The above is not the real flow, just like what we did in Fetch Access Token, we need to create another session ourselves:

>>> token = restore_access_token_from_database()
>>> session = OAuth2Session(client_key, client_secret, token=token)
>>> account_url = 'https://api.github.com/user'
>>> resp = session.get(account_url)

Compliance Fix for non Standard

There are services that claimed they are providing OAuth API, but with a little differences. Some services even return with the wrong Content Type. Compliance hooks are provided to solve those problems:

  • access_token_response: invoked before token parsing.
  • refresh_token_response: invoked before refresh token parsing.
  • protected_request: invoked before making a request.
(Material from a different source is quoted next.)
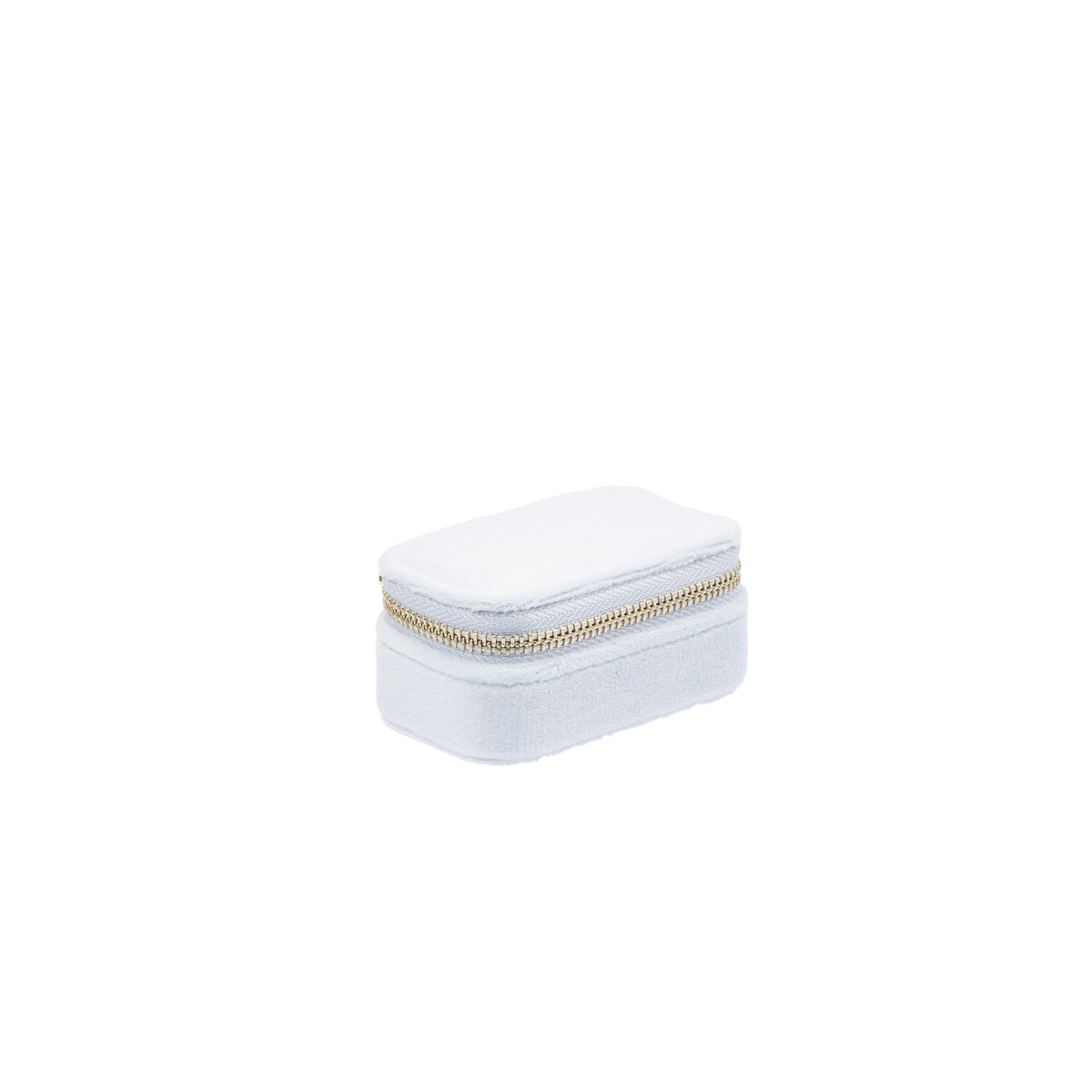 VELVET JEWELLERY BOX MICRO COOL BABY BLUE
For instance, linkedin is using a oauth2_access_token parameter in query string to protect users’ resources, let’s fix it:

from authlib.common.urls import add_params_to_uri

def _non_compliant_param_name(url, headers, data):
    access_token = session.token.get('access_token')
    token = [('oauth2_access_token', access_token)]
    url = add_params_to_uri(url, token)
    return url, headers, data


If you find a non standard OAuth 2 services, and you can’t fix it. Please report it in GitHub issues.

OAuth 2 OpenID Connect

For services that support OpenID Connect, if a scope of openid is provided, the authorization server will return a value of id_token in response:

>>> from authlib.client import OAuth2Session
>>> client_id = 'Your Google client ID'
>>> client_secret = 'Your Google client secret'
>>> scope = 'openid email profile'
>>> session = OAuth2Session(client_id, client_secret, scope=scope)

At the last step of session.fetch_access_token, the return value contains a id_token:

>>> resp = session.fetch_access_token(...)
>>> print(resp['id_token'])

This id_token is a JWS text, it can not be used unless it is parsed. Authlib has provided tools for parsing and validating OpenID Connect id_token:

>>> from authlib.specs.oidc import parse_id_token, validate_id_token
>>> # GET keys from https://www.googleapis.com/oauth2/v3/certs
>>> token, header = parse_id_token(resp['id_token'], keys)
>>> validate_id_token(token, header=header, response_type='code', ...)

It can also be completed by one step with verify_id_token().


To use OpenID Connect, you need to install Authlib with RSA:

$ pip install Authlib[crypto]

There is a built-in Google app which supports OpenID Connect, checkout the source code in authlib.clients.apps.google.